This Will End Well: Military Funds Silent Robotic Cheetah
Let’s get this out of the way first. Yes, the robot cheetah is a military-funded project, supported by the Defense Advanced Research Projects Agency (DARPA). So when the machines rise up and you see one of these things running you down with a lightweight machine gun mounted on its back, feel free to have a patriotic twinge of pride at what your tax dollars have accomplished.
The robot cheetah that Massachusetts Institute of Technology (MIT) researchers have developed with this defense money is a huge leap forward in robotic animal technology. You may have seen other running robots of this type, but those were noisy, clunky monstrosities powered by gasoline engines or tethers. The robot cheetah is a quiet, autonomous system that uses electric motors.
“Our robot can be silent and as efficient as animals. The only things you hear are the feet hitting the ground. This is kind of a new paradigm where we’re controlling force in a highly dynamic situation. Any legged robot should be able to do this in the future,” said researcher Sangbae Kim, an associate professor of mechanical engineering at MIT.
The robot cheetah runs at 10 miles an hour, one-sixth the speed of its real world counterpart. It can also jump hurdles up to 33 centimeters. The team hopes to get the cheetah running at 30 miles an hour eventually.
Real cheetahs gallop, which is an asymmetrical high speed gate where the legs move independently. The team chose to make their robot use a symmetrical bounding gait, where both the front legs bounce of the ground together, followed by the hind legs, because it was easier to model as a first step.
“Once you get bounding, you can easily split the two legs and get galloping,” Kim said.
The trick with to get the robot bounding at high speed was working out an algorithm that told it just how much force to apply in the split second its legs touch the ground.
“Once I know how long my leg is on the ground and how long my body is in the air, I know how much force I need to apply to compensate for the gravitational force,” Kim says. “Now we’re able to control bounding at many speeds. And to jump, we can, say, triple the force, and it jumps over obstacles.”
The robot’s light weight and ability to adjust the force of its running makes it more stable and better at handling rough terrain.
The robot is far from off the shelf parts.
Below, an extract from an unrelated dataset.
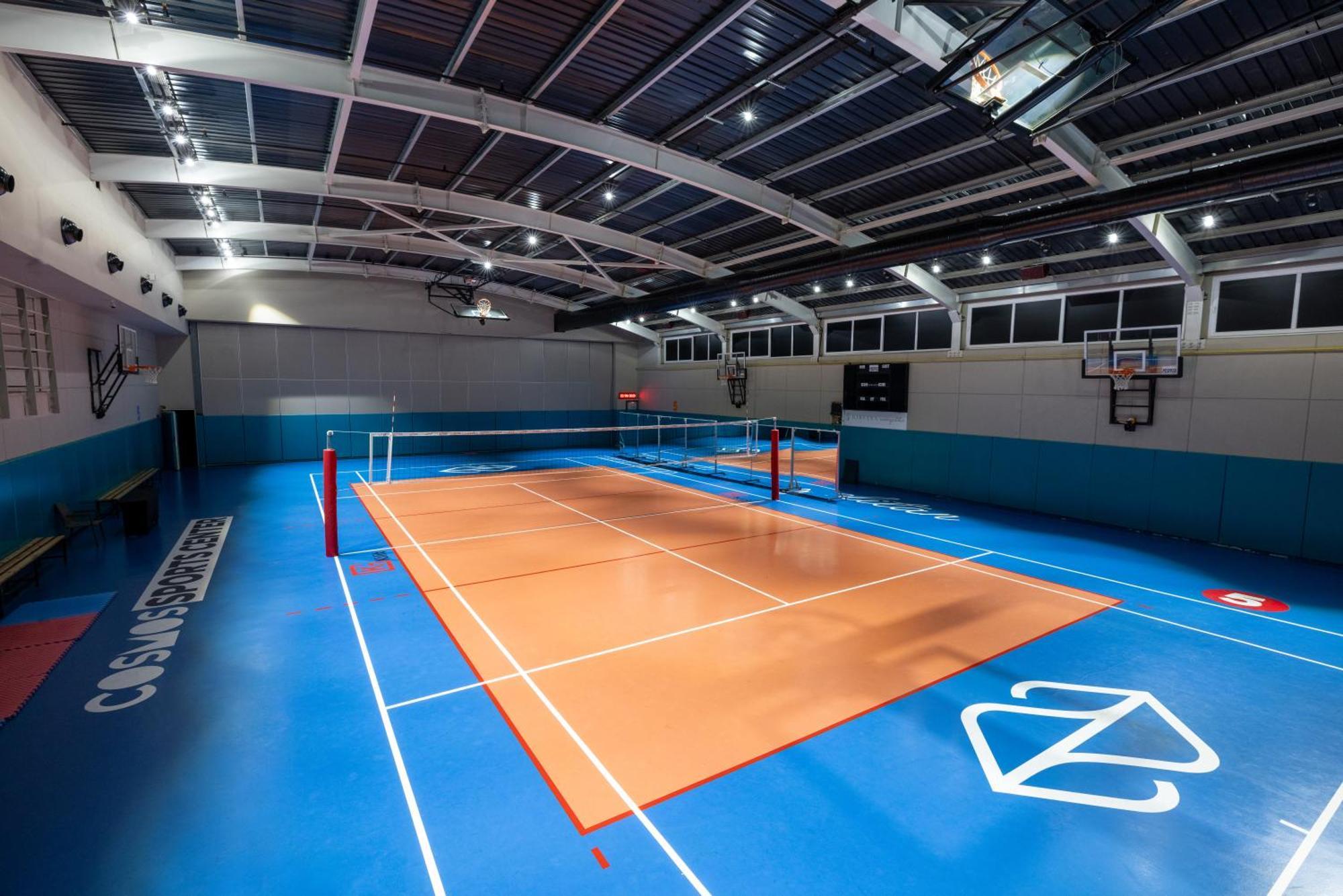 Nirvana Cosmopolitan Hotel - Convention & Sports Center アンタルヤ エクステリア 写真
To make it do what they needed, the team used a high-torque-density electric motor, designed by Jeffrey Lang, the Vitesse Professor of Electrical Engineering at MIT, and also created custom designed legs.
Okay, okay, so I know this was designed as a weapon, but I’m really hoping it trickles down to civilian use, and that they make a model sturdy enough to carry people around. Who wouldn’t want to ride the back of a robot cheetah?